(Recorded information)

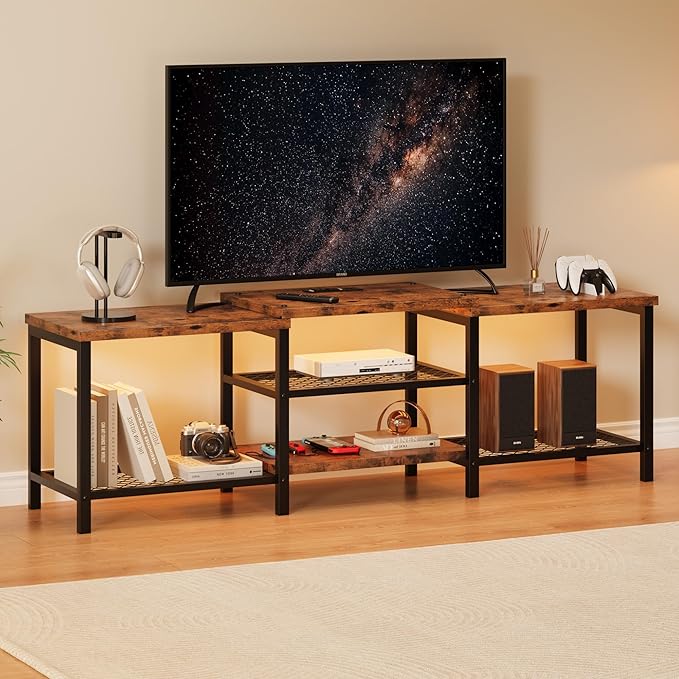 GarveeHome TV Stand with LED Lights for 55/65/75 Inch TV, 67 Inch Large Entertainment Center with Power Outlets, Media Console for Living Room, Bedroom, Vintage Brown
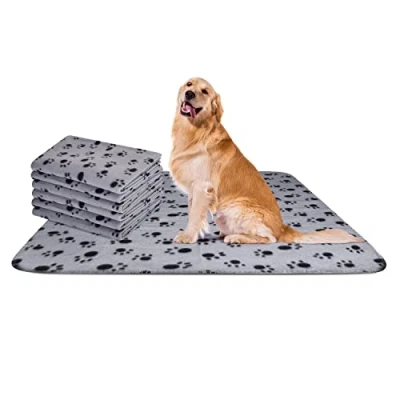Imagen de Nobleza 6 x Manta Suave de Felpa para Perros, Gatos y Otras Mascotas. Lavable. Color Gris, 120 * 100 cm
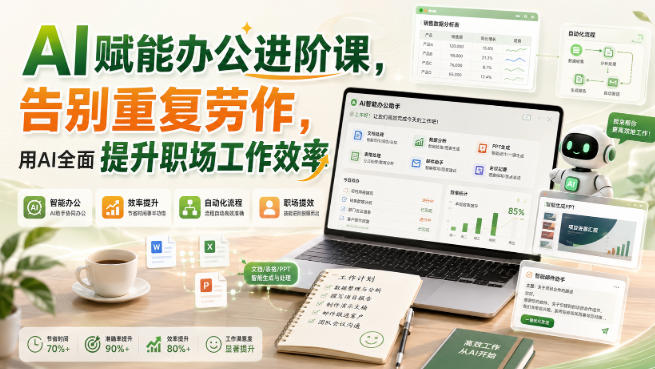 AI赋能办公进阶课，告别重复劳作，用AI全面提升职场工作效率-吾爱云课堂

(End Recorded information)

• _Your goal_: With the pictures removed, copy the data above word for word.

• _Answer to this task_:
 GarveeHome TV Stand with LED Lights for 55/65/75 Inch TV, 67 Inch Large Entertainment Center with Power Outlets, Media Console for Living Room, Bedroom, Vintage Brown
Imagen de Nobleza 6 x Manta Suave de Felpa para Perros, Gatos y Otras Mascotas. Lavable. Color Gris, 120 * 100 cm
 AI赋能办公进阶课，告别重复劳作，用AI全面提升职场工作效率-吾爱云课堂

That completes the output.